I’m not sure if you know, but a fix has been committed for this - see bug 259. The fix is in the Win Unicode Nightly, but not yet in the Mac Nightly (will be in the next one after 24 Nov 03:15).

Fix seems to be OK so far on Windows and Linux (reads correct levels also).

Gale

## quote … This will generate a sine tone that is offset so that it is all in the range of 0 to +1 When you play this track, as expected the peak level is immediately shown in dark green as 0dB and the RMS value (shown in light green) climbs up to -4.3dB

I would expect the peak to be -6
and a square wave to be at 0dB
and the rms to be -3

clearly I am missing something
(perhaps believing too much of what I read)

on the other hand
there are several standards for measuring peak/rms etc
that give different values for the same signal depending on the method you choose

and some DAWs implement the measurements wrongly to boot

Excellent. I’ve just tried it and it correctly indicates the absolute value of the signal with the dark coloured meter bar, which is in agreement with common practice, (and with the description in Wikipedia. http://en.wikipedia.org/wiki/Amplitude#Peak_amplitude )

so is the wikipedia article wrong when it says

Since a peak measurement is not useful for qualifying the noise performance of a system, or measuring the loudness of an audio recording, for instance, RMS measurements are often used instead.
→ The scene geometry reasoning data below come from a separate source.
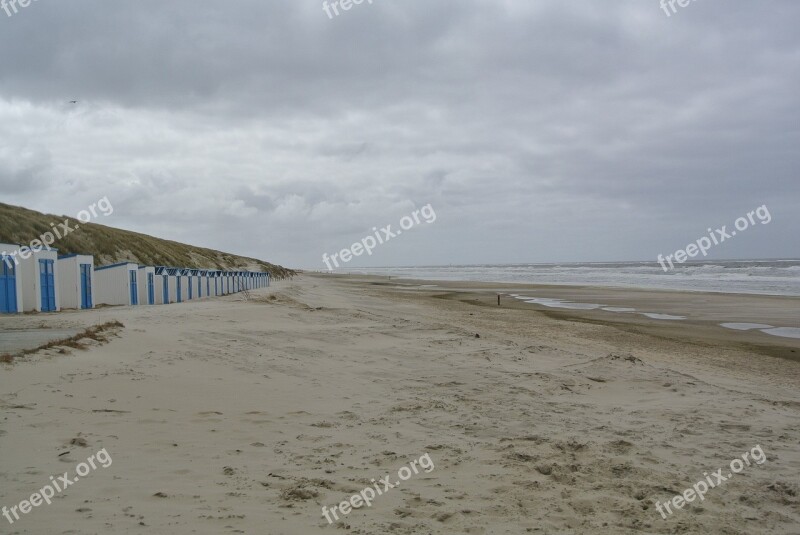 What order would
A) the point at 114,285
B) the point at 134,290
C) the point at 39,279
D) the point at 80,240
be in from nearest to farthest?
the point at 39,279 → the point at 114,285 → the point at 134,290 → the point at 80,240

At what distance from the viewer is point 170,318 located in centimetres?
1588

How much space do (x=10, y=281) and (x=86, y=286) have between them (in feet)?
13.1

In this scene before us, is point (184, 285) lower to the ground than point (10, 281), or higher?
lower

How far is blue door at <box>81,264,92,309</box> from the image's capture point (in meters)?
22.5

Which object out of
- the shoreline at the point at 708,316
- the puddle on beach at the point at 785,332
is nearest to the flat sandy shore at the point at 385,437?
the shoreline at the point at 708,316

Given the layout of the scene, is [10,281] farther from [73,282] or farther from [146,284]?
[146,284]

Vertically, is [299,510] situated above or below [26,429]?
below

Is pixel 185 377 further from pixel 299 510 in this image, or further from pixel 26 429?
pixel 299 510

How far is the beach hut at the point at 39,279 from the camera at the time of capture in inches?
764

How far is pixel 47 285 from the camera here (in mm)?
20438

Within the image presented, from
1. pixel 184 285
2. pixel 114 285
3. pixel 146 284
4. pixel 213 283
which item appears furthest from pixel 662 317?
pixel 213 283

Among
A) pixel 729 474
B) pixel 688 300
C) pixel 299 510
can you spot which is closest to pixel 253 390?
pixel 299 510

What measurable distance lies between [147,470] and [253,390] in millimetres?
3253

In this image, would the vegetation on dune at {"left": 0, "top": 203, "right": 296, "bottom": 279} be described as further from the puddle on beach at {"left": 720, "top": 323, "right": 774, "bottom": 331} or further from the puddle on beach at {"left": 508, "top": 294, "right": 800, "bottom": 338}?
the puddle on beach at {"left": 720, "top": 323, "right": 774, "bottom": 331} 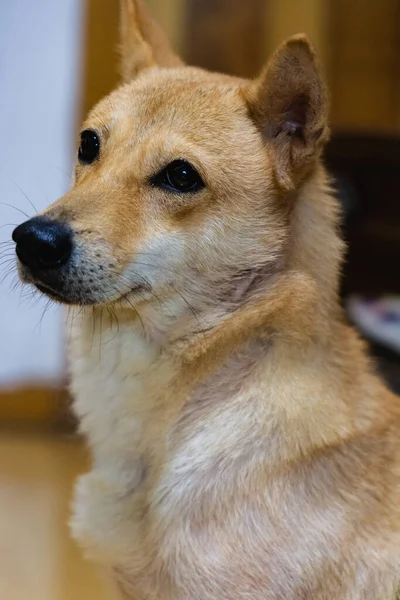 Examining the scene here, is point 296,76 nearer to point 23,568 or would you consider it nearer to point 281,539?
point 281,539

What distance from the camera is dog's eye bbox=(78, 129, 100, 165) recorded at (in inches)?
52.7

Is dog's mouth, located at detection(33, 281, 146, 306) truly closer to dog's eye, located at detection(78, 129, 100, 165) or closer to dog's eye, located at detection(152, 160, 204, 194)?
dog's eye, located at detection(152, 160, 204, 194)

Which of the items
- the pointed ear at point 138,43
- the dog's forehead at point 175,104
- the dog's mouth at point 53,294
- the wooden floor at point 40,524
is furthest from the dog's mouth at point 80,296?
the wooden floor at point 40,524

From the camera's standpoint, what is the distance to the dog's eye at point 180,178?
48.0 inches

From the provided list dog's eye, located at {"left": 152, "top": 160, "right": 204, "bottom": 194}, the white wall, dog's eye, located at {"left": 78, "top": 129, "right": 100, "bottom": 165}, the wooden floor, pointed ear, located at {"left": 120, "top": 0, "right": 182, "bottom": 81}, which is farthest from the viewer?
the white wall

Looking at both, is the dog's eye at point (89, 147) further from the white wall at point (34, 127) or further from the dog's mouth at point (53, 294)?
the white wall at point (34, 127)

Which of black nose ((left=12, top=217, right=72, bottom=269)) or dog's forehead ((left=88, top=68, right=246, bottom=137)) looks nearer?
black nose ((left=12, top=217, right=72, bottom=269))

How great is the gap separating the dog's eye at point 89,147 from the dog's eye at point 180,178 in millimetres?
180

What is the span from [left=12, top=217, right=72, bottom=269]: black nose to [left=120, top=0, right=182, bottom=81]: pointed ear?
1.68 ft

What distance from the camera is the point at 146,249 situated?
118 cm

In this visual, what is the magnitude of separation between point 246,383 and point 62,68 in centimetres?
217

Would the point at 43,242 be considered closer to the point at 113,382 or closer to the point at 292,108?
the point at 113,382

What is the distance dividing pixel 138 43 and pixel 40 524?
1.48 m

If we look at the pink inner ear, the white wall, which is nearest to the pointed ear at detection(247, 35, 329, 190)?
the pink inner ear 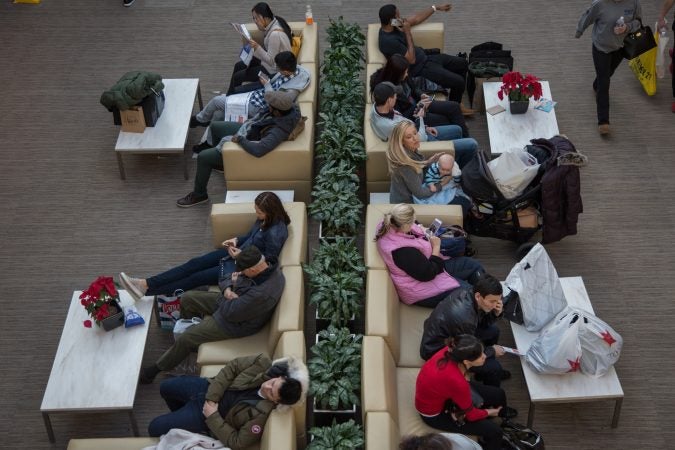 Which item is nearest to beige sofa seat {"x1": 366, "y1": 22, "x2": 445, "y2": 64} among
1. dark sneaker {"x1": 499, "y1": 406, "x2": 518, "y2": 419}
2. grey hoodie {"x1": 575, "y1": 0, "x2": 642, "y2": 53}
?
grey hoodie {"x1": 575, "y1": 0, "x2": 642, "y2": 53}

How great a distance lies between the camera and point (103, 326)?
6.08 metres

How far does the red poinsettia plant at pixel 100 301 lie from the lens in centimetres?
602

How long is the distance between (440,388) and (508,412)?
42.2 inches

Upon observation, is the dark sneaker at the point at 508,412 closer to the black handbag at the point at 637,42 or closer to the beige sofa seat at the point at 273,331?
the beige sofa seat at the point at 273,331

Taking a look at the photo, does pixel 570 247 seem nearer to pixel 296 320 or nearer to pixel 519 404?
pixel 519 404

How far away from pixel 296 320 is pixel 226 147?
6.77 feet

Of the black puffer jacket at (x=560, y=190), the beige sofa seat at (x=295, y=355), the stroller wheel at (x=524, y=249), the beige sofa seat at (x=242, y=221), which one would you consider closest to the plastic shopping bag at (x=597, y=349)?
the black puffer jacket at (x=560, y=190)

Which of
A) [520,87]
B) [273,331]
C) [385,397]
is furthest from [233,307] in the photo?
[520,87]

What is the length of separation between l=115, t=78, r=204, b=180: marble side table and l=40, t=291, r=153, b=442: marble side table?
2.07 metres

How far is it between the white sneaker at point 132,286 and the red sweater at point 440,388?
7.52ft

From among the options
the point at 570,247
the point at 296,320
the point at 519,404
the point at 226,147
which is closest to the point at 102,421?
the point at 296,320

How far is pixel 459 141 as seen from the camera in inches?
295

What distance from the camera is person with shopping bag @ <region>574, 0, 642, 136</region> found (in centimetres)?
812

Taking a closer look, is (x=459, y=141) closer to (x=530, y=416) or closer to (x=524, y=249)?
(x=524, y=249) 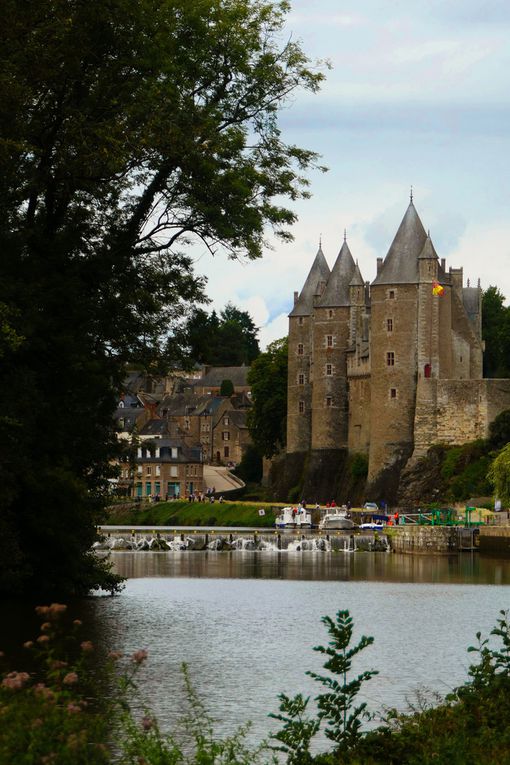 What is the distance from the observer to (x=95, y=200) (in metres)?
26.7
There is a potential for ambiguity when assigning a level on the dBFS scale to a waveform rather than to a specific amplitude, since some choose the reference level so that RMS and peak measurements of a sine wave produce the same number, while others want the RMS and peak values of a square wave to be equal, as they are in typical analog measurements.[3][4][5][6]

• For the case in which the RMS value of a full-scale square wave is designated 0 dBFS, all possible dBFS measurements are negative numbers. A sine wave could not exist at a larger RMS value than −3 dBFS without clipping, by this convention.[7] This is the convention used in Euphonix meters.[8]
• For the case in which the RMS value of a full-scale sine wave is designated 0 dBFS, a full-scale square wave would be at +3 dBFS.[9][10] This is the definition specified in AES Standard AES17-1998[11] and used in Dorrough meters.[8]